3. Appellante kan zich niet verenigen met de aangevallen uitspraak en is van mening dat de rechtbank in haar uitspraak het beroep ten onterechte ongegrond heeft verklaard. Appellante stelt dat de klachten, waarmee zij op 25 maart 2008 is uitgevallen, niet slechts tijdelijk zijn verergerd en dat zij helemaal niet meer in staat is arbeid te verrichten. Het onderzoek door het Uwv is onzorgvuldig geweest omdat in 2005 geen sprake was van agorafobie en in 2008 wèl terwijl deze vaststelling tot meer beperkingen had moeten leiden.
4. De Raad komt tot de volgende beoordeling.
4.1. Voor het toepasselijke wettelijke kader verwijst de Raad naar de aangevallen uitspraak.
4.2. Hetgeen appellante in hoger beroep naar voren heeft gebracht bevat geen nieuwe gezichtspunten en heeft de Raad niet tot een ander oordeel gebracht dan het in de aangevallen uitspraak neergelegde oordeel van de rechtbank.
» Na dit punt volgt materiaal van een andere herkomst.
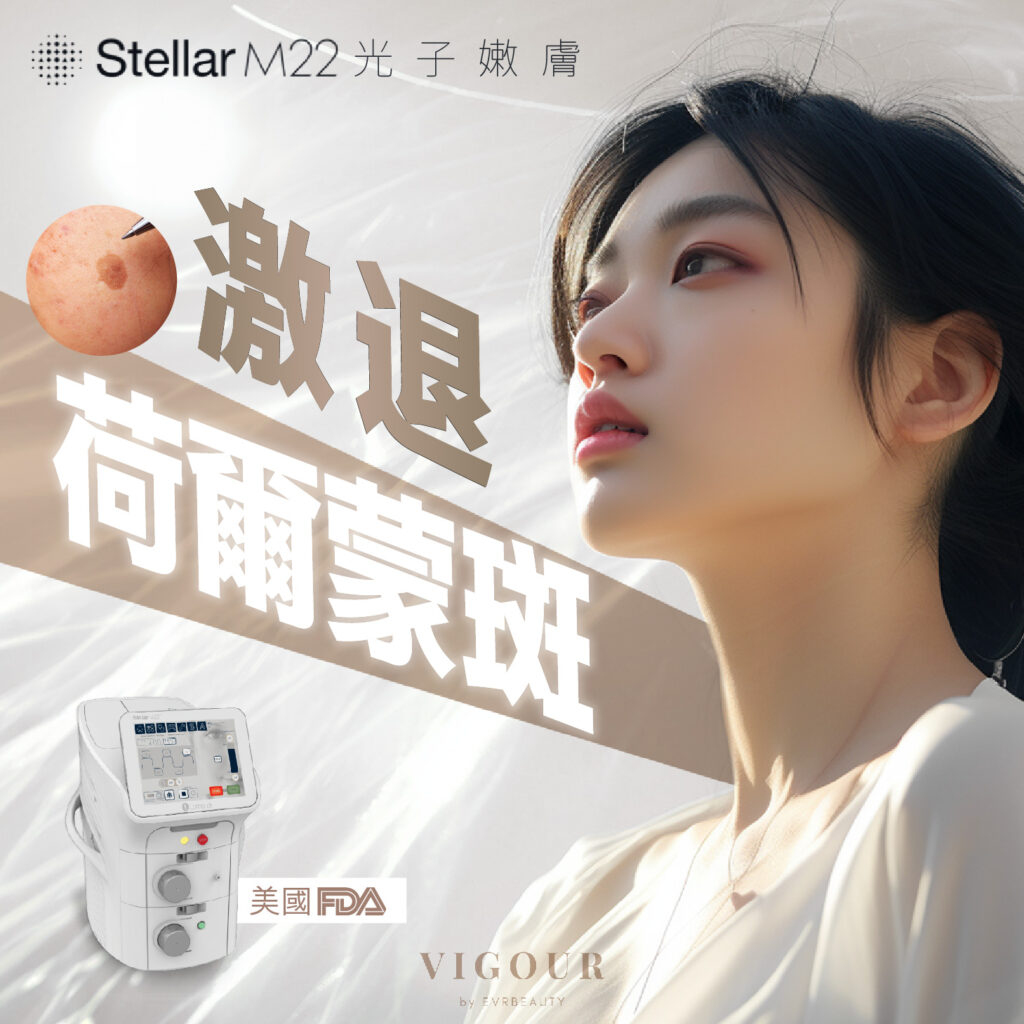 【M22 Stellar 光子嫩膚攻略？】比較Stellar M22與皮秒效果！嫩膚袪斑又如何？不限濾片？附香港價錢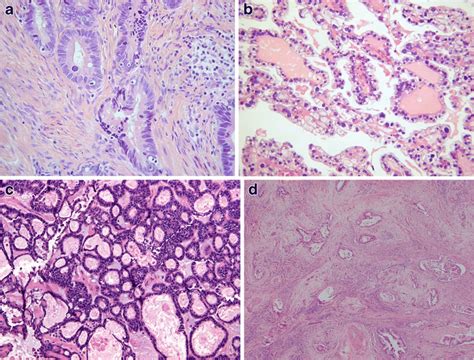 Various Histological Types Of Adenocarcinoma A Endocervical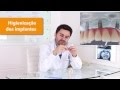 Como Higienizar os Implantes Dentários (3 Técnicas de Higienização)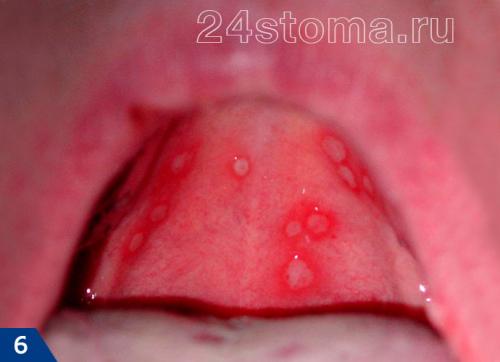 Герпес на лице лечение форум. Герпес: фото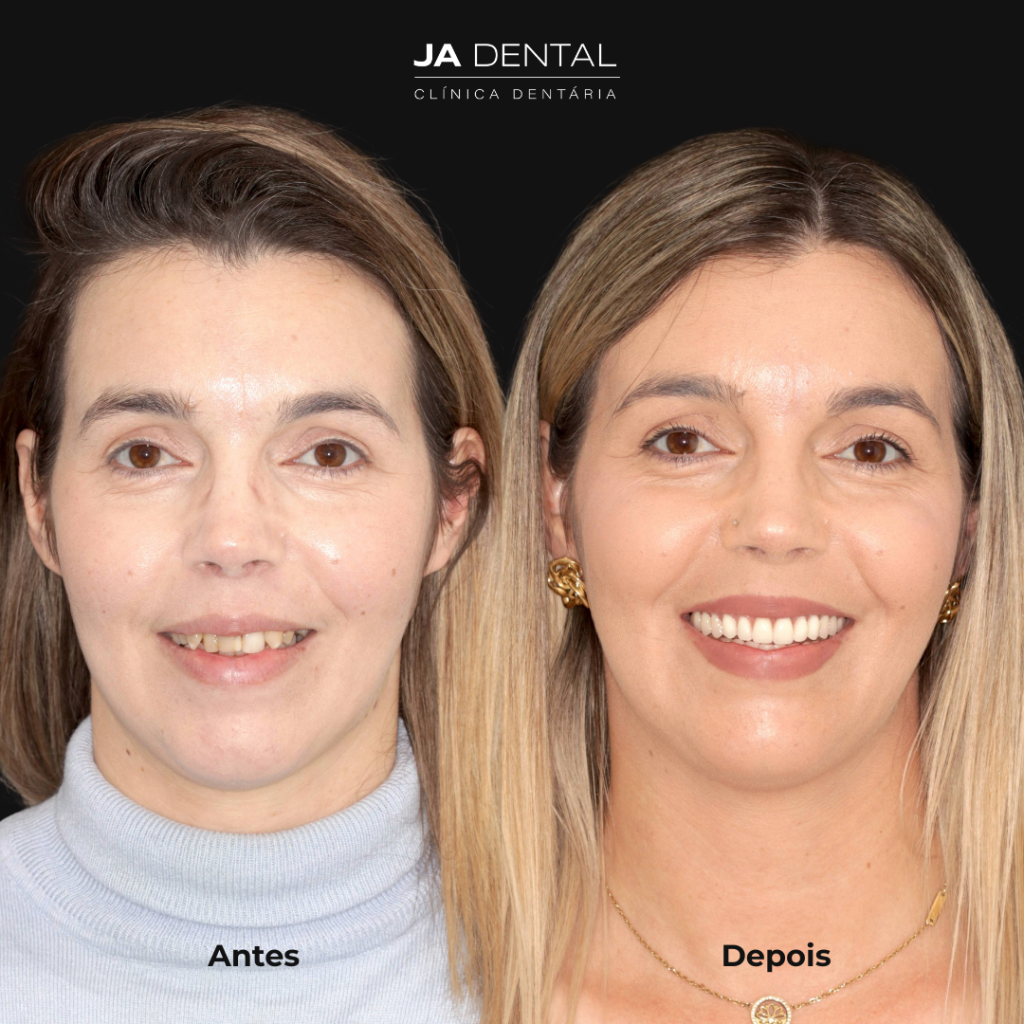 prótese fixa antes e depois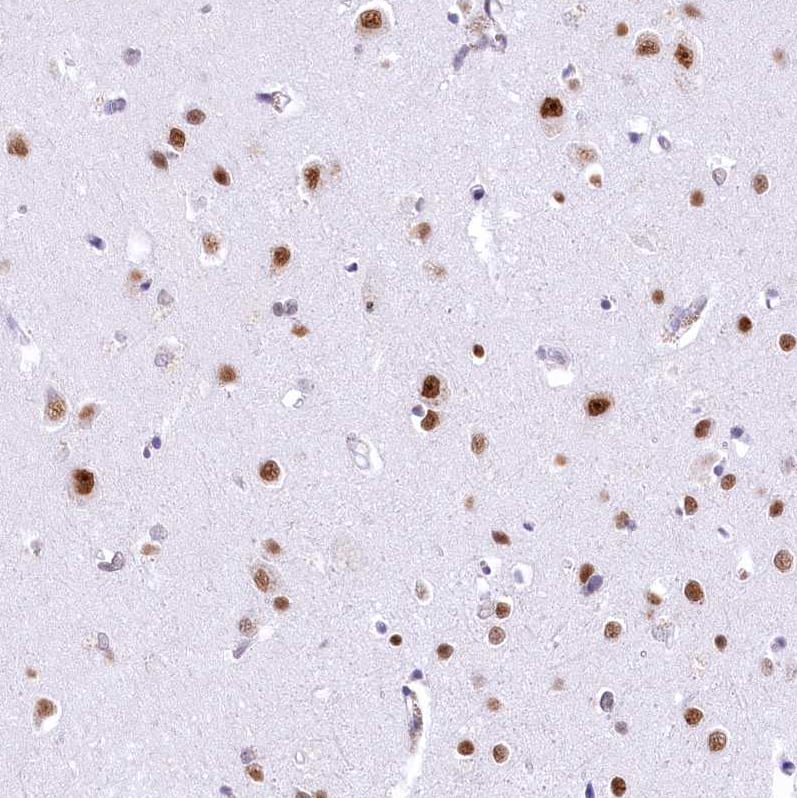 Immunohistochemistry-Paraffin HNRNPA0 Antibody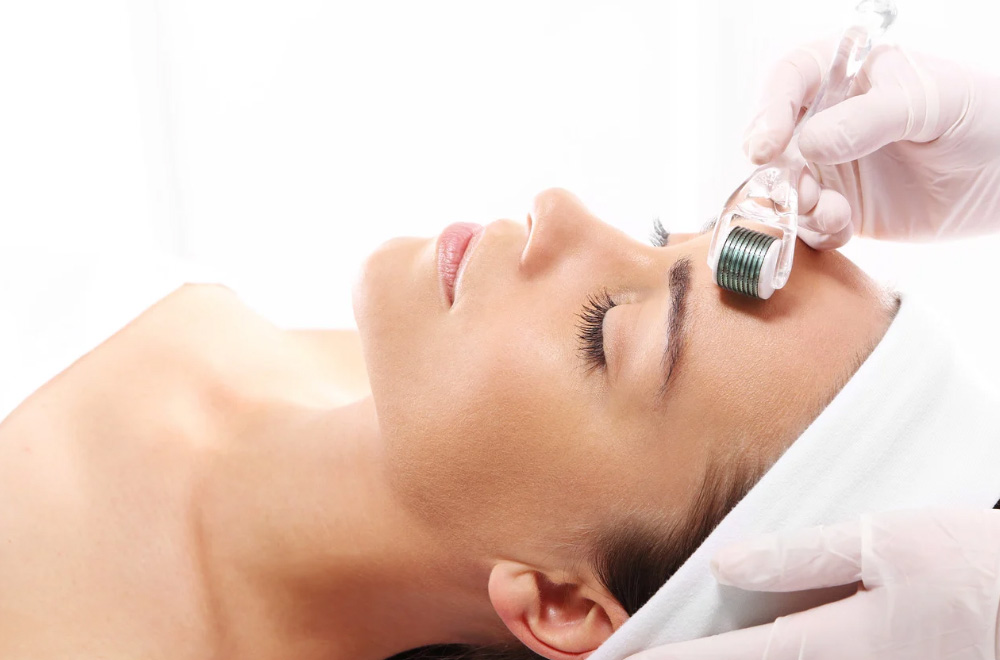 Treatments - Microneedling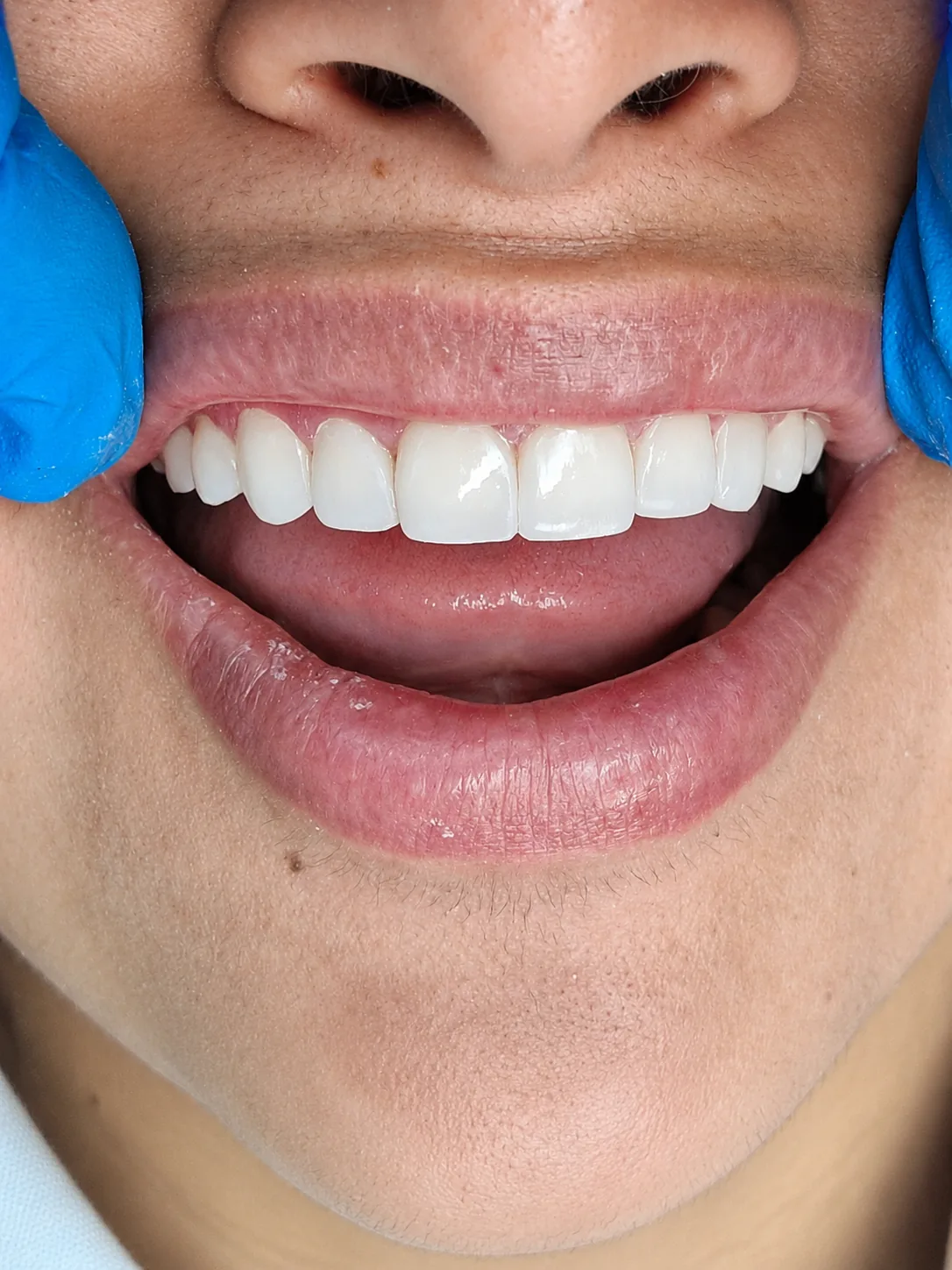 Resultado frontal de una sonrisa natural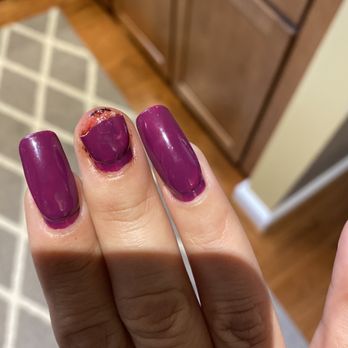 Lucky Nails - Before - Nail Salons Near Me - Springfield, Virginia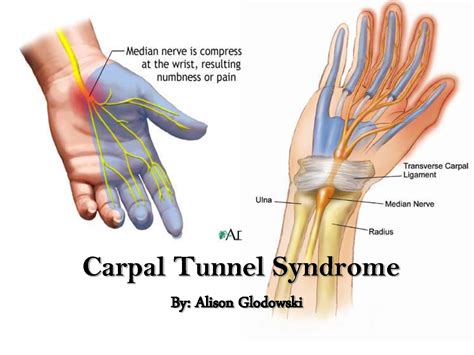 Carpal Tunnel Syndrome Hand Diagram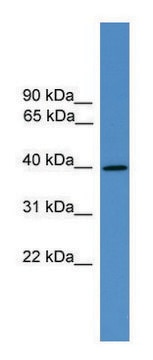 Anti-AVPR2 (C-terminal) antibody produced in rabbit affinity isolated antibody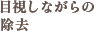 目視しながらの除去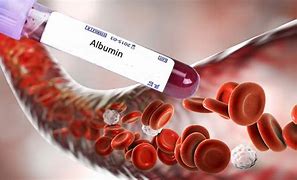 Image result for albuminpideo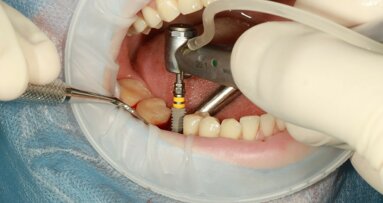 Review study compares machined and sandblasted dental implant surfaces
4.3. De Raad onderschrijft het oordeel van de rechtbank dat de (bezwaar)verzekeringsartsen van het Uwv rekening gehouden hebben met de tijdelijke verergering van de beperkingen van appellante als gevolg van de brand in haar keuken. De situatie van appellante was vanaf 22 september 2008 zodanig gestabiliseerd dat zij weer geschikt was voor het verrichten van de eigen arbeid zoals omschreven onder 2. De rechtbank heeft terecht geoordeeld dat niet is gebleken dat de beperkingen van appellante door het Uwv niet op juiste wijze zijn weergegeven. Voor het aannemen van verdergaande beperkingen ziet de Raad, evenals de rechtbank, geen aanleiding nu de in beroep aangegeven lichamelijke klachten - ook in hoger beroep - niet met medische stukken zijn onderbouwd.
4.4. De Raad stelt zich dan ook volledig achter de overwegingen van de rechtbank en maakt deze tot de zijne.
5. Uit hetgeen is overwogen onder 4.1 tot en met 4.4 volgt dat het hoger beroep niet slaagt. De aangevallen uitspraak moet worden bevestigd.
6. Voor een proceskostenveroordeling is geen aanleiding.
III. BESLISSING
De Centrale Raad van Beroep,
Recht doende:
Bevestigt de aangevallen uitspraak.
Deze uitspraak is gedaan door H.G. Rottier als voorzitter en en C.P.J. Goorden en J. Riphagen als leden, in tegenwoordigheid van N.S.A. El Hana als griffier. De beslissing is uitgesproken in het openbaar op 21 maart 2012.